Ancora Vittorio Foa ha ricordato: "Il nuovo secolo ci impone le società multietniche, le sfide della bioetica, un nuovo welfare non solo riferito ai bilanci, ma anche ai bisogni e alle paure. E poi la disoccupazione e lo sviluppo".

Perché si affermi un ruolo vitale della sinistra in Trentino è necessario provocare un "big bang" avvertito in tutta la società trentina e non solo nei ristretti mondi dei palazzi della politica.

Per questo c’è bisogno di una grande autonomia nei confronti dell’azione del governo. Questo non vuol dire riproporre l’ambigua politica del "doppio binario" nei confronti di un governo amico di cui si fa parte. Significa semplicemente rivendicare la propria ragion d’essere come forza politica. Presuppone una propria identità programmatica e culturale non riassumibile nelle mediazioni di una coalizione eterogenea. Senza dimenticare che anche le mediazioni di governo debbono essere trasparenti compromessi di contenuti e ragioni e non supina acquiescenza ai diktat di una parte. Significa soprattutto riaffermare quella politica del limite dello sviluppo con una riconversione di perversi metodi d’uso delle risorse ambientali e finanziarie del Trentino, così prepotentemente rivendicati anche nel nuovo governo provinciale. La privatizzazione dei beni collettivi continua infatti ad essere riproposta oltre ogni soglia di futuro sostenibile e i suoi costi continuamente scaricati sulla comunità. Dalle nuove centraline ai nuovi impianti il vecchio modello continua a volersi imporre. In una situazione siffatta anche i nuovi patti territoriali, felice intuizione programmatica della nuova giunta, rischiano di divenire patti "leonini" dei vecchi poteri forti in città e nelle valli.
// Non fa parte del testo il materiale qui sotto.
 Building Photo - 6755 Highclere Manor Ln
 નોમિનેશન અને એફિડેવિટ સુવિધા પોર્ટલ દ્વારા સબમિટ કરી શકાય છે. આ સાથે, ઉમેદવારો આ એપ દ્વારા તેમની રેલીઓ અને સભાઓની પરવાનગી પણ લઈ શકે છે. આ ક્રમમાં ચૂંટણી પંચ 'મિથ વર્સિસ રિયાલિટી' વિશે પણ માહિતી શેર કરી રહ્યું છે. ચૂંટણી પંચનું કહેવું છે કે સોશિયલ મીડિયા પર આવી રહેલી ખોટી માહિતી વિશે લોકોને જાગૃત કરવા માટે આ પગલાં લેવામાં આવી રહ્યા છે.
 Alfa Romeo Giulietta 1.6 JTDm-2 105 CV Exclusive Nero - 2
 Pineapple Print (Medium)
Per proporre ipotesi federali a mondi sociali ed economici occorre che su questo la parola e l’azione della sinistra non abbia tentennamenti e ambiguità. Occorre una sinistra che esprima un forte senso delle istituzioni in grado di promuovere una leale azione della struttura pubblica di migliaia di dipendenti e dirigenti pubblici, essenziale per dimostrare che la sinistra non promuove i fedeli, ma i capaci.
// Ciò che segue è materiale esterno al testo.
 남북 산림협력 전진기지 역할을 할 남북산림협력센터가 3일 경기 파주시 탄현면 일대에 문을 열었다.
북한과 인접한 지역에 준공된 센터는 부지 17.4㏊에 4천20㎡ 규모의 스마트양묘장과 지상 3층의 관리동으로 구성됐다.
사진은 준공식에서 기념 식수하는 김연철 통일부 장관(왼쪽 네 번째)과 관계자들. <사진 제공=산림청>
La sinistra non ha bisogno che altri legittimino la sua cultura autonomista. Oggi il pericolo per il Trentino non è quello di veder messa in discussione la piccola patria, le radici e l’identità. Il vero rischio è quello di divenire una società chiusa in se stessa, incapace di capire i mondi nuovi espressi in modo eloquente dalle centinaia di nazionalità che ormai costellano l’anagrafe di Trento e dei comuni minori.

Ai gazebo della Lega per le espulsioni degli immigrati, la sinistra deve rispondere certo con una politica di legalità, ma anche con la consapevolezza che i fenomeni migratori sono fenomeni ineluttabili.

Ancorata in questo modo ai grandi movimenti culturali riformisti europei, se capace d’ esprimere nel Trentino - recuperando la sollecitazione di Dahrendorf - forme organizzative autonome corrispondenti ad una peculiarità di storia, tradizione e ambiente, la sinistra trentina può ancora dimostrare che la politica non è finita. L’alternativa tra rinnovarsi o perire rimane oggi a sinistra più attuale che mai.

Malgrado ragionevoli pessimismi, ci sono tante energie e bisogni che inducono a insistere nell’impegno perché la strada del rinnovamento prevalga.